Hi all,
So I think this problem might be to do with how I'm using rvest
rather than str_extract()
but I'm not sure as this is the first time I've used either... I think maybe it's some sort of encoding problem but I have no idea.
So I'm pulling temperature values from wikipedia. The temperature column has both celsius and fahrenheit. I'm trying to extract the celsius component. I've written a regex expression that works as expected when applied using str_extract()
to data which is not pulled from wikipedia. When I apply str_extract()
to the data from wikipedia, negative values are lost.
Here's a reprex that I hope illustrates the problem:
library(rvest)
#> Loading required package: xml2
library(tidyverse)
#> Warning: package 'forcats' was built under R version 3.6.3
# url of temperatures
url <- "https://en.wikipedia.org/wiki/List_of_cities_by_average_temperature"
# Import and clean data
temps <-
url %>%
read_html() %>%
html_nodes(xpath = '//*[@id="mw-content-text"]/div/table') %>%
map_dfr(html_table) %>%
janitor::clean_names() %>%
select(-ref, -year) %>%
pivot_longer(
-c(country, city),
values_to = "temp",
names_to = "month"
)
# Select some rows so I have a mix of +ve and -ve values in temp
test <-
temps %>%
filter(country == "Afghanistan") %>%
slice(1:4)
### Problem starts here ###
# Regex for pulling out temperature in C
temp_regex <- "^(|-)\\d{1,2}([.]\\d{1,2}|)"

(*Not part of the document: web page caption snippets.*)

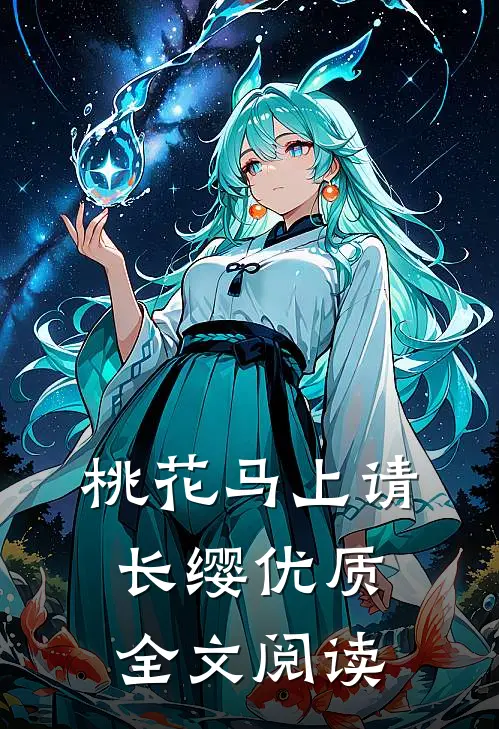 桃花马上请长缨优质全文阅读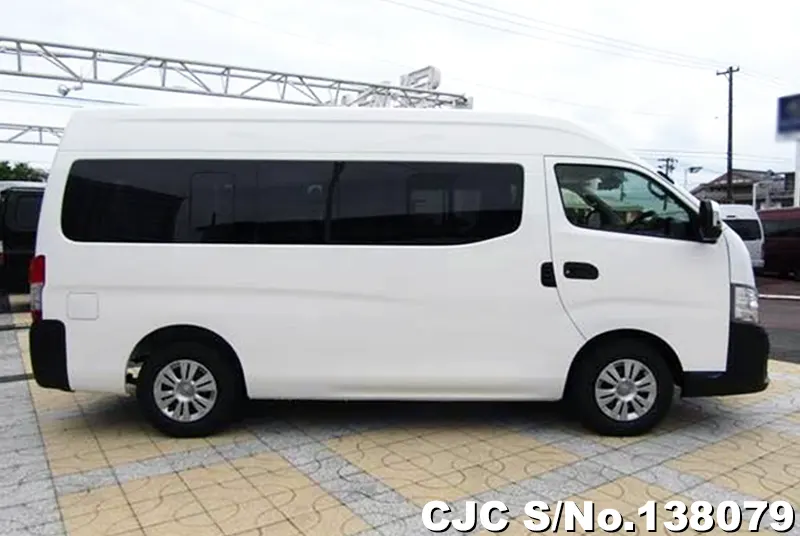 2026 Nissan / Caravan Stock No. 138079
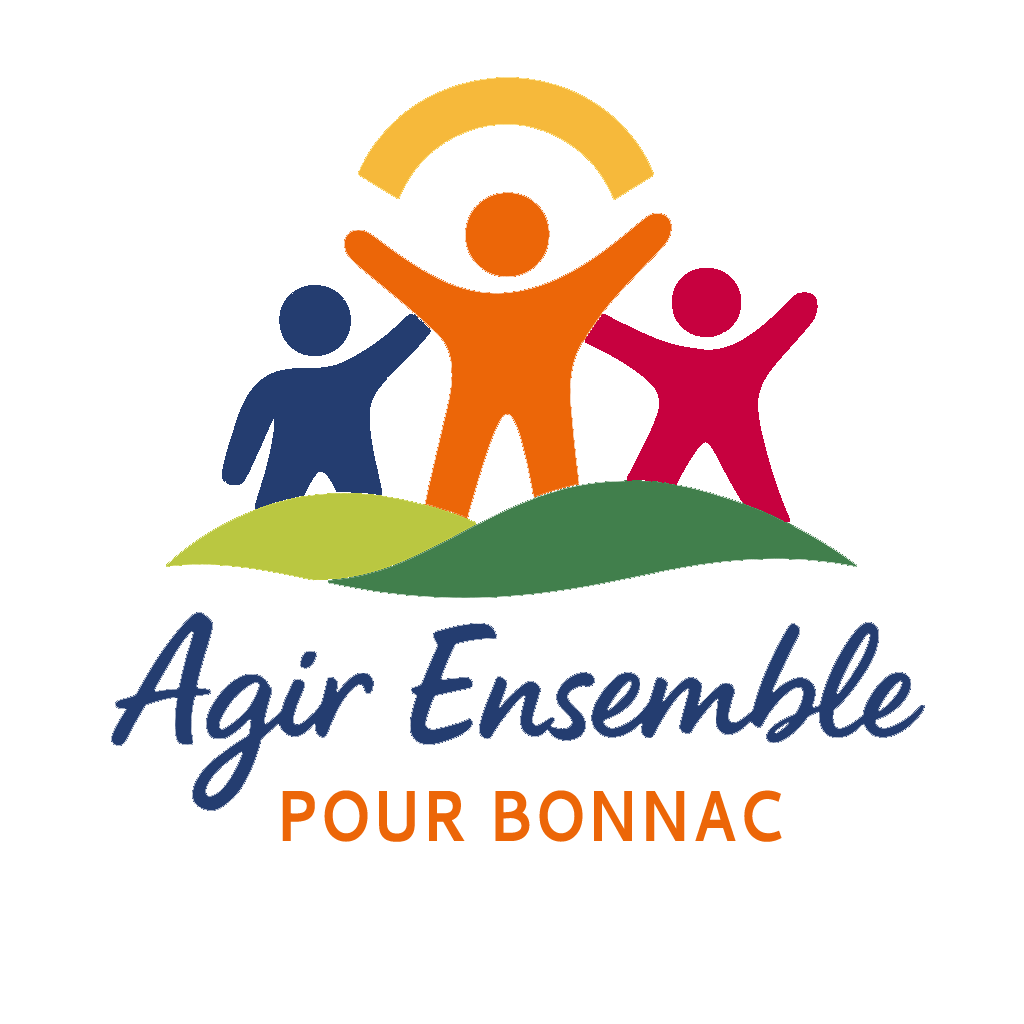 Agir Ensemble pour Bonnac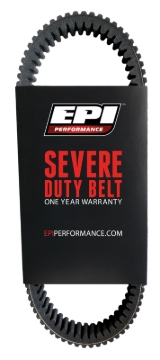 Picture of EPI 20+ Polaris General Severe Duty Belt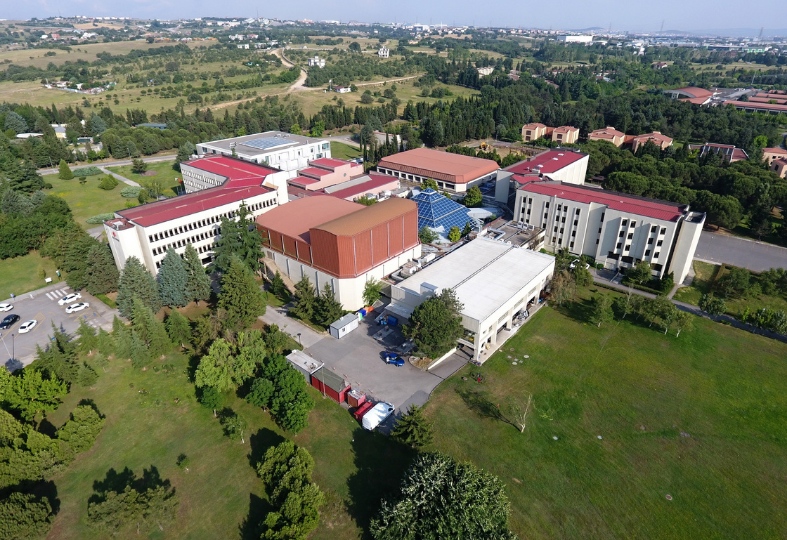Teaching Abroad In Istanbul City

# This doesn't work. Note the str_extract returns NA for rows 1 and 2
test %>%
mutate(temp_extract = str_extract(temp, temp_regex))
#> # A tibble: 4 x 5
#> country city month temp temp_extract
#> <chr> <chr> <chr> <chr> <chr>
#> 1 Afghanistan Kabul jan -2.3(27.9) <NA>
#> 2 Afghanistan Kabul feb -0.7(30.7) <NA>
#> 3 Afghanistan Kabul mar 6.3(43.3) 6.3
#> 4 Afghanistan Kabul apr 12.8(55.0) 12.8
# This does work. Compare row 1 and 2 with above.
#dput(test)
structure(list(country = c("Afghanistan", "Afghanistan", "Afghanistan",
"Afghanistan"), city = c("Kabul", "Kabul", "Kabul", "Kabul"),
month = c("jan", "feb", "mar", "apr"), temp = c("-2.3(27.9)",
"-0.7(30.7)", "6.3(43.3)", "12.8(55.0)")), class = c("tbl_df",
"tbl", "data.frame"), row.names = c(NA, -4L)) %>%
mutate(temp_extract = str_extract(temp, temp_regex))
#> # A tibble: 4 x 5
#> country city month temp temp_extract
#> <chr> <chr> <chr> <chr> <chr>
#> 1 Afghanistan Kabul jan -2.3(27.9) -2.3
#> 2 Afghanistan Kabul feb -0.7(30.7) -0.7
#> 3 Afghanistan Kabul mar 6.3(43.3) 6.3
#> 4 Afghanistan Kabul apr 12.8(55.0) 12.8
# Pull temperature values out from df
pulled_val <- test %>%
pull(temp)
# This fails in same way as above
str_extract(pulled_val, temp_regex)
#> [1] NA NA "6.3" "12.8"
# Copy/pasted pulled_val output
copy_pasted <- c("-2.3(27.9)", "-0.7(30.7)", "6.3(43.3)", "12.8(55.0)")
# This now works...
str_extract(copy_pasted, temp_regex)
#> [1] "-2.3" "-0.7" "6.3" "12.8"